Wellness Forum Health
In 2015, the World Health Organization’s International Agency for Research on Cancer (IARC) issued a report stating that processed meats raise the risk of colon and stomach cancer, and most likely red meat increases the risk too. Red meat refers to foods like beef, veal, pork, lamb, mutton, horse, and goat. Processed meat refers to any animal flesh that has been salted, cured, fermented, smoked or been processed in a way that enhances flavor or presentation.
The IARC charged 22 researchers with evaluating over 800 studies looking at the relationship between various types of meat and 12 types of cancer during the last 20 years. The researchers reported that processed meat was a Group 1 carcinogen and that for every 50 gram portion (1.7 ounces) of processed meat consumed daily, the risk of colorectal cancer increased by 18%. This places processed meats in the same category as smoking and asbestos.
Red meat was reported as “probably carcinogenic to humans” (Group 2A) based on “limited evidence that the consumption of red meat causes cancer and strong mechanistic evidence supporting a carcinogenic effect.” Red meat, according to the IARC, is “probably” linked to colon, prostate, and pancreatic cancers.
The researchers noted that the increased risk of colorectal cancer due to processed meats remains small, but that risk increases with intake – a dose-dependent effect. The researchers also reported that “…red meat has nutritional value. Therefore these results are important in enabling governments and international regulatory agencies to conduct risk assessments in order to balance the risks and benefits of eating red meat and processed meat and to provide the best possible dietary recommendations.”
A flurry of articles and comments followed the report and the news stories about it. Advocates of plant-based diets stated that this report is proof positive that people should eat no meat, no animal foods, and adopt a vegan diet. As expected, agricultural groups, food manufacturers, lobbyists, and promoters of bad diets capitalized on statements such as “…red meat has nutritional value…” and the use of term like “probably” and “small increase in risk,” to reassure carnivores that it really is ok to eat a diet that includes copious amounts of animal food.
The North American Meat Institute issued a statement saying that “…cancer is a complex disease not caused by single foods.” The organization is actually right about this; the totality of the dietary pattern determines health.
Gunter Kuhnle, a food nutrition scientist at the University of Reading said that “Three cigarettes per day increases the risk of lung cancer sixfold, or 500%, compared with the 18 percent from eating a couple of slices of bologna a day. This is very relevant from a public health point of view…But it should not be used for scaremongering.”
John Ioannidis, chairman of disease prevention at Stanford University commented, “I think it’s very important that we don’t terrorize people into thinking that they should not eat any red meat at all. There’s some risk involved, but it’s much less than smoking or alcohol. I think it would be an exaggeration to say based on this that no one should be eating red or processed meat.”

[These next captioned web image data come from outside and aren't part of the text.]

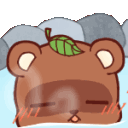 :tanukihotspring: Discord Emote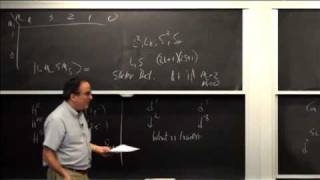 Lec 6  MIT 580 SmallMolecule Spectroscopy and Dynamics Fall 2008 [upl. by Lennaj722]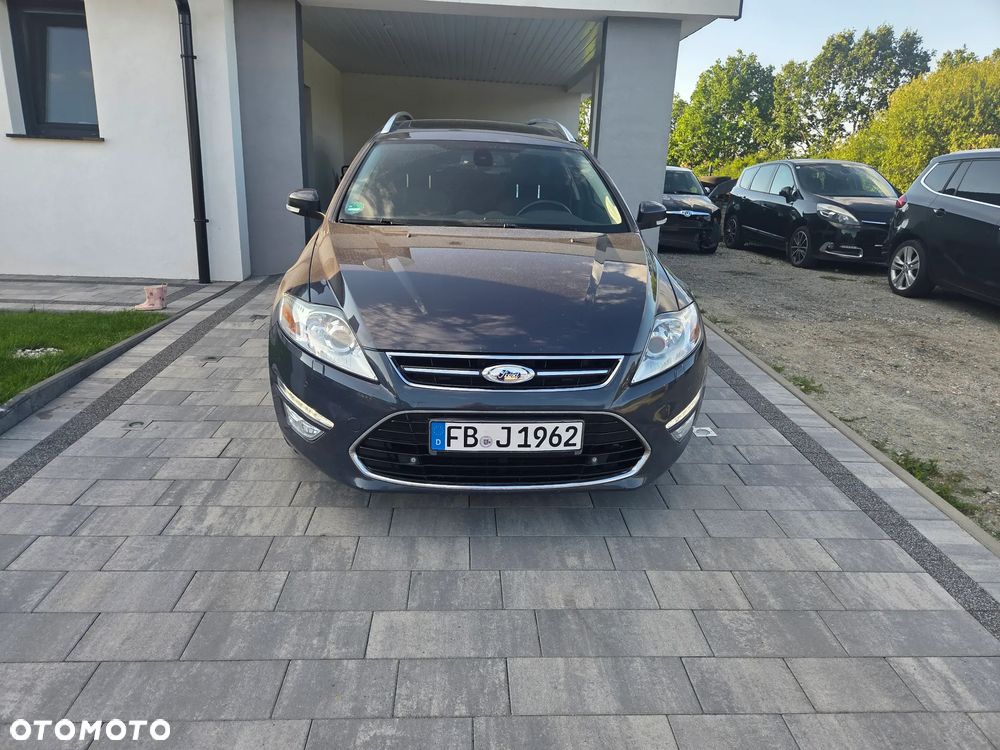 Ford Mondeo 2.0 TDCi Gold X - 2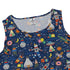 Outer Space Birthday Dress Geek Nerd Design by Zirkus Design lx - C outer space & astronaut print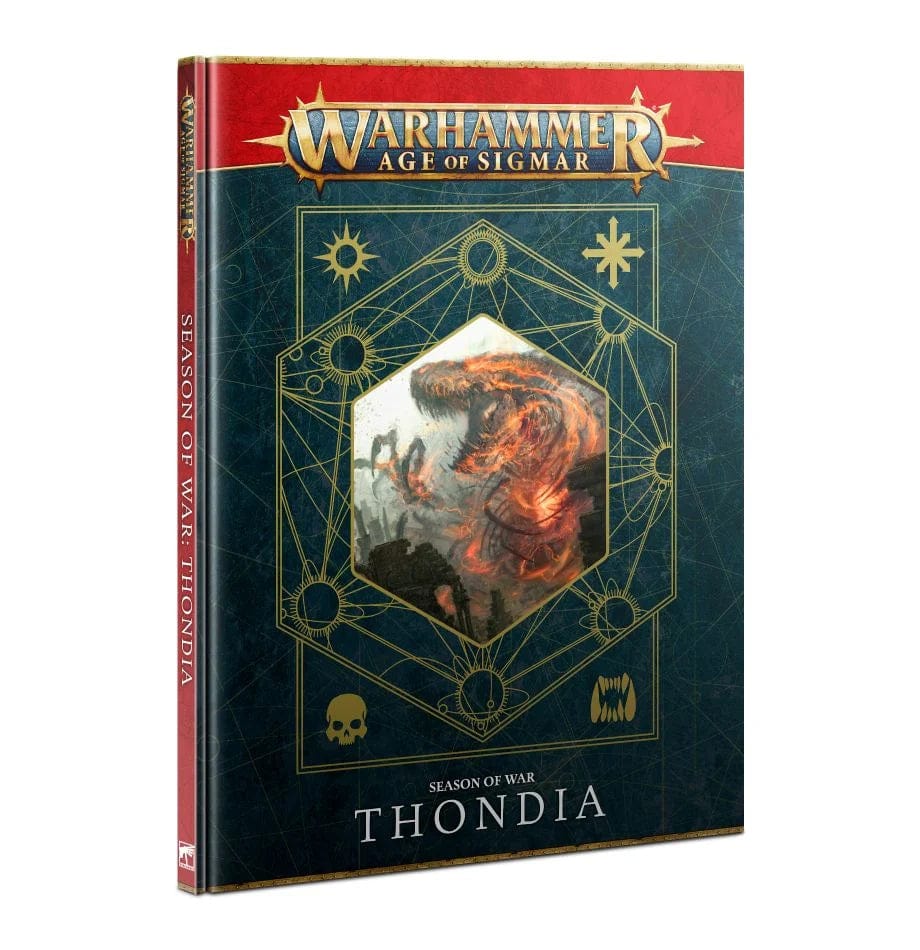 Warhammer - Age of Sigmar: Season of War - Thondia - Third Eye
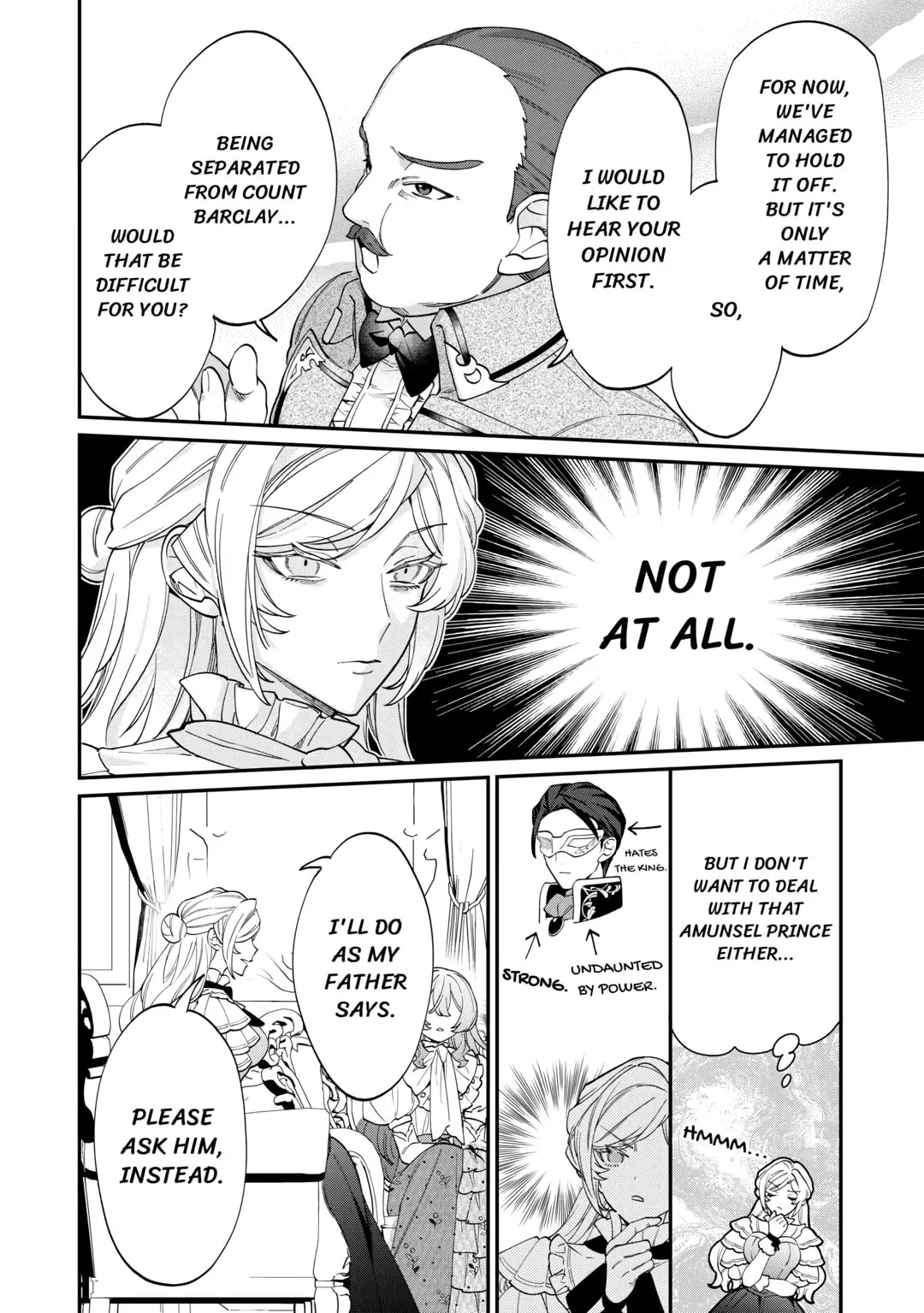 Karei ni Rien Shitemisemasu wa! Chapter 7 page 18 - 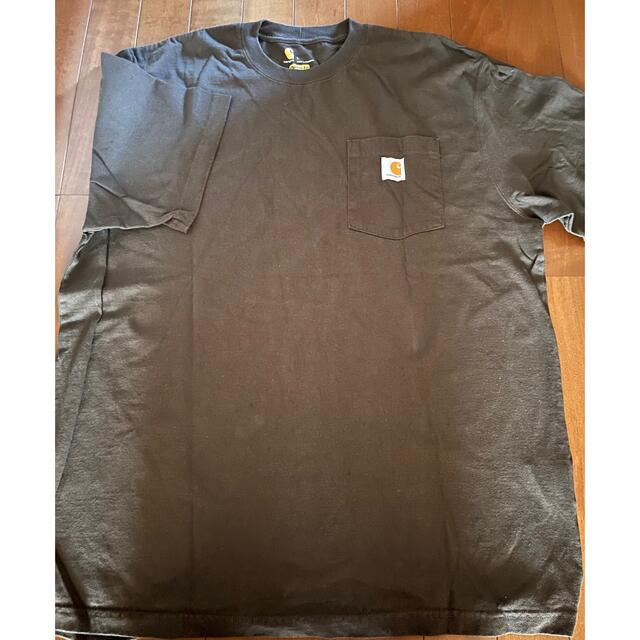 carhartt(カーハート)のCarhartt Tシャツ L メンズのトップス(Tシャツ/カットソー(半袖/袖なし))の商品写真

Both sides are wrong about this issue. Advocates of vegan diets exaggerate the risk of eating any animal foods at all in order to justify recommending a vegan diet for everyone, ignoring the fact that all over the world, the populations we all love to refer to as eating optimally and enjoying optimal health are not vegans. They propose an all or nothing solution – either eat a vegan diet or your risk of cancer will be high.
Advocates of animal foods-based diets ignore the fact that people don’t eat pristine, optimal diets with 2 slices of bacon each day. Most people eat terrible diets with much if not most of their calories from animal foods, oils, and processed foods. The cumulative effect of all the bad choices is what causes disease, not the 2 slices of bacon alone.
The bottom line is that dietary choices individually have little meaning. It is the overall dietary pattern that matters most. A person eating a Wellness Forum Health-style diet that includes 2-3 servings of organic animal food or wild caught fish each week, and who has a hot dog on Memorial Day is likely to have a long and healthy life. The vegan who eats no animal food, never touches hot dogs, but eats potato chips, uses oil in cooking, carries extra body fat and does not exercise, is likely to have health issues.
The debate will continue and, just as in politics, the extreme stance of both sides confuses the public and stands in the way of progress.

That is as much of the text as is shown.